Old Books, Rare Friends
Page 15
Now, in August 1944, I had the chance to acquire one. I had come to item 188 in the McLeish catalogue where I read: “Perth Assembly. 1619.”
All the bracketed designations, including “Pilgrim Press,” had been omitted. The McLeish firm was not aware that it was offering an excessively rare book that had issued from the secret press of the Pilgrim Fathers in Leyden. It did not know that it had listed a prize, and had priced the book at one pound fifteen shillings, or eight dollars.
Now, the real challenge was: Would I ever get hold of this book? My waterfall of explanation, excitement, and concern poured over Mady and ended in a deluge. “It’s one of the twenty books printed by the Pilgrims at their secret press in Leyden before they came to America! It’s worth a fortune! But how will I get it?—how, how, how? I’m an unknown—surely a good London dealer will grab it!”
Mady was more controlled. She left Louisa Alcott at 2 Piazza Barberini in Rome and announced, “We’ll take immediate action. We’ll drive to the Ogunquit Western Union office and send a cable to McLeish.” Deviously, I cloaked my discovery when I ordered item 188 by adding a few other items, and my cable was sent to 22 Little Russell Street, London.
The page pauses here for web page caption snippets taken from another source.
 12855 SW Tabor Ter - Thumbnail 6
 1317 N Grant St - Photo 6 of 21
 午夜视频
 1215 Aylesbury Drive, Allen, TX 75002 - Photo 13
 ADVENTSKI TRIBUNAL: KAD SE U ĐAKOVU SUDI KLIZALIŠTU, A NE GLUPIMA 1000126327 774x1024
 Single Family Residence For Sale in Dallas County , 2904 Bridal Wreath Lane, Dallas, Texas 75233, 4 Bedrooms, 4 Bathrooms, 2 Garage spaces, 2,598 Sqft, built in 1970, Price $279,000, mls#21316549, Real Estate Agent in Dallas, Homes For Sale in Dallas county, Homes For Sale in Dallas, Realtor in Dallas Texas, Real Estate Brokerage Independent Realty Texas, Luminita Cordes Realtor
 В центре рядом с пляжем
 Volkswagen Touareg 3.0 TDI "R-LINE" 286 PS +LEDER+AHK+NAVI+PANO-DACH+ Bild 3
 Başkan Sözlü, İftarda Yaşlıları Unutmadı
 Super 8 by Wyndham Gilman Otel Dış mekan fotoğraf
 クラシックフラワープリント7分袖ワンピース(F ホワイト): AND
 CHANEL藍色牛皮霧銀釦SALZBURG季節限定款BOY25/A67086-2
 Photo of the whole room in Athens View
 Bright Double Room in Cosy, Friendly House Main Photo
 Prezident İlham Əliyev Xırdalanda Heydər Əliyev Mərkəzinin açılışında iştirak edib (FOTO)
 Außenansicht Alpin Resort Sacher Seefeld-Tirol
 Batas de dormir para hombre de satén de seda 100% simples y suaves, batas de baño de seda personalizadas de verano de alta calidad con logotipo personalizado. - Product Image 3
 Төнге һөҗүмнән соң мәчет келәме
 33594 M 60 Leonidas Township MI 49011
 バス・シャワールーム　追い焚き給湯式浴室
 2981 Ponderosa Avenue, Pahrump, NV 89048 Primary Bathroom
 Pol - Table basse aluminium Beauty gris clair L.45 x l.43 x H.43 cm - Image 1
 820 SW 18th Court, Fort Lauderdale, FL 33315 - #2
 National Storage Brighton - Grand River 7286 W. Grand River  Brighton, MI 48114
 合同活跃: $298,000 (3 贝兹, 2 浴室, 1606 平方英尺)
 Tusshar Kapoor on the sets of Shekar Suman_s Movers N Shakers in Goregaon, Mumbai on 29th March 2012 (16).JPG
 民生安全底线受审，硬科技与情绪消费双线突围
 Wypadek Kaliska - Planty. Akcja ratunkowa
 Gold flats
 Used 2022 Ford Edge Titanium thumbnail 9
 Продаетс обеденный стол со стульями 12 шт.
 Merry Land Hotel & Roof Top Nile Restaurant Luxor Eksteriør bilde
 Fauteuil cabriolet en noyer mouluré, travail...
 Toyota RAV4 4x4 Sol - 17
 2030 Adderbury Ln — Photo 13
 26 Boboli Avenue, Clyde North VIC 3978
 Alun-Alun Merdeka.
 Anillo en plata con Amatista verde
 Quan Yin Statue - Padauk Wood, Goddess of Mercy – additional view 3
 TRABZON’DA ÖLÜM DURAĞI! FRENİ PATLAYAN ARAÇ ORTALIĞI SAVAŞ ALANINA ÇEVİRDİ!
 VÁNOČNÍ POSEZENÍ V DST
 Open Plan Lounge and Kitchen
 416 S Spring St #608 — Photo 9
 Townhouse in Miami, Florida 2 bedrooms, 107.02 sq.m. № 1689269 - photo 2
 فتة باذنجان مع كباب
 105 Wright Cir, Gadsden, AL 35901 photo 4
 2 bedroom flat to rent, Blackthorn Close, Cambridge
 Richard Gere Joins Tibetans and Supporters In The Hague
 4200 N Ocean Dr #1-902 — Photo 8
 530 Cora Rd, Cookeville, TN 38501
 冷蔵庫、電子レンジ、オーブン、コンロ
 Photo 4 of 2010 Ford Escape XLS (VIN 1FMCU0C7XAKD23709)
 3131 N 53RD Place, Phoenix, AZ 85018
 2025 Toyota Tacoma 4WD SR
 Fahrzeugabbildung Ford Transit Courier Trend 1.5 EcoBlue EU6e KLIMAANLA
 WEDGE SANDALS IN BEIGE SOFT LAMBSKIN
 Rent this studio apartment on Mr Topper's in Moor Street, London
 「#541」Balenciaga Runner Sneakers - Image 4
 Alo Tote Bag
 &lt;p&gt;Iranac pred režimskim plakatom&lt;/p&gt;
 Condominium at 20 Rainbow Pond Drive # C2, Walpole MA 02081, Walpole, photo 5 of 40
In days when international telephone calls were almost as rare as Calderwoods, all I could do was wait in alternating hope and despair, in constant suspense, for the outcome. Would I launch Leona Rostenberg—Rare Books with a great, great find or not?
Meanwhile, I performed the final task in my preparations. I formulated the announcement that would bring the existence of a brave new firm to the attention of a breathless book-buying public:
LEONA ROSTENBERG
takes pleasure in announcing
that she will engage in the sale of Rare Books
at
152 East 179th Street
New York 53, N.Y.
Tremont 8—2789
At a slight extra charge the Portland printer included my stationery device in the upper left corner. I had two thousand copies printed. We mailed them all and, after donating the now brooding Meg, Jo, Beth, and Amy to our landlord, we departed the lovely house facing the sea in early September.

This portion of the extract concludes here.